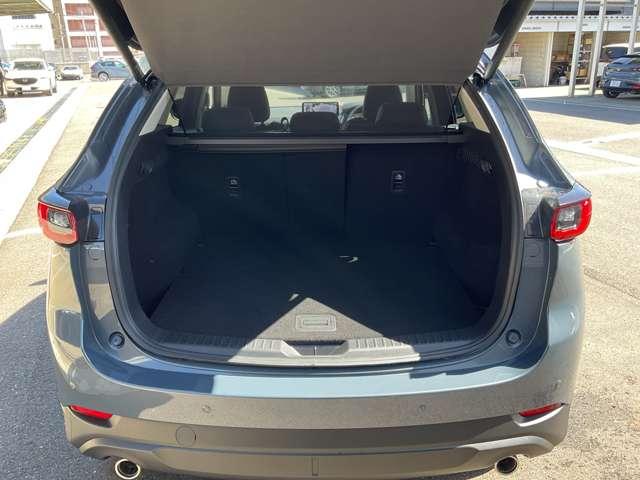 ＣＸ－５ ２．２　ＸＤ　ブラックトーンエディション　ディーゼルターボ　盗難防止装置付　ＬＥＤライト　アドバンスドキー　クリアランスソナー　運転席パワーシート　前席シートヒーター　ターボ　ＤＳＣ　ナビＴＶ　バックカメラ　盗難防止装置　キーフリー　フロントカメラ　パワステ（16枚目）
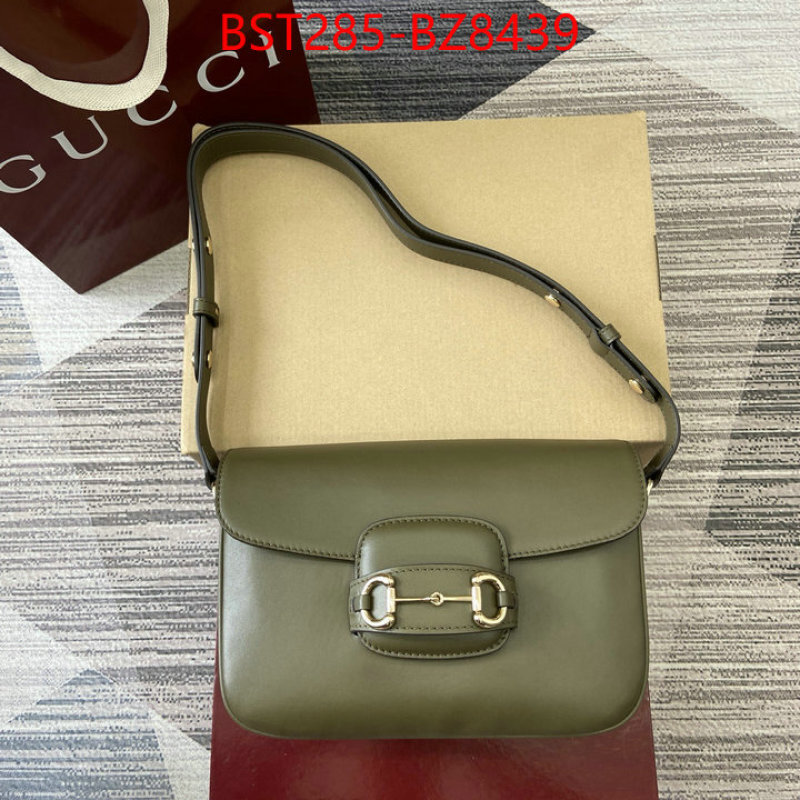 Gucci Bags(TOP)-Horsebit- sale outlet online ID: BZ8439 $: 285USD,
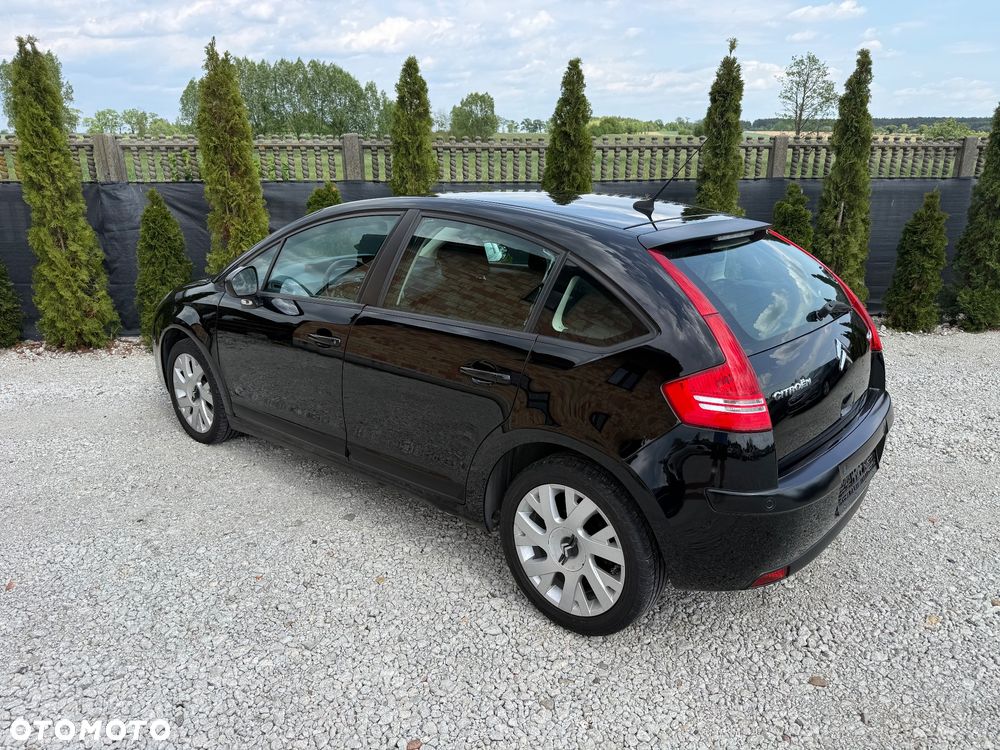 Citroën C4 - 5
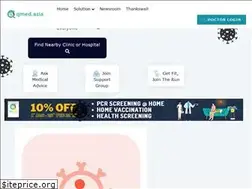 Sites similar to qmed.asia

**Exercise goal:** All that is wanted is the lines from the one holding "Gucci Bags(TOP)-Horsebit- sale" through the end of the material, duplicated exactly, with no pictures.

**Finished task:**
 Gucci Bags(TOP)-Horsebit- sale outlet online ID: BZ8439 $: 285USD,
 Citroën C4 - 5
 Sites similar to qmed.asia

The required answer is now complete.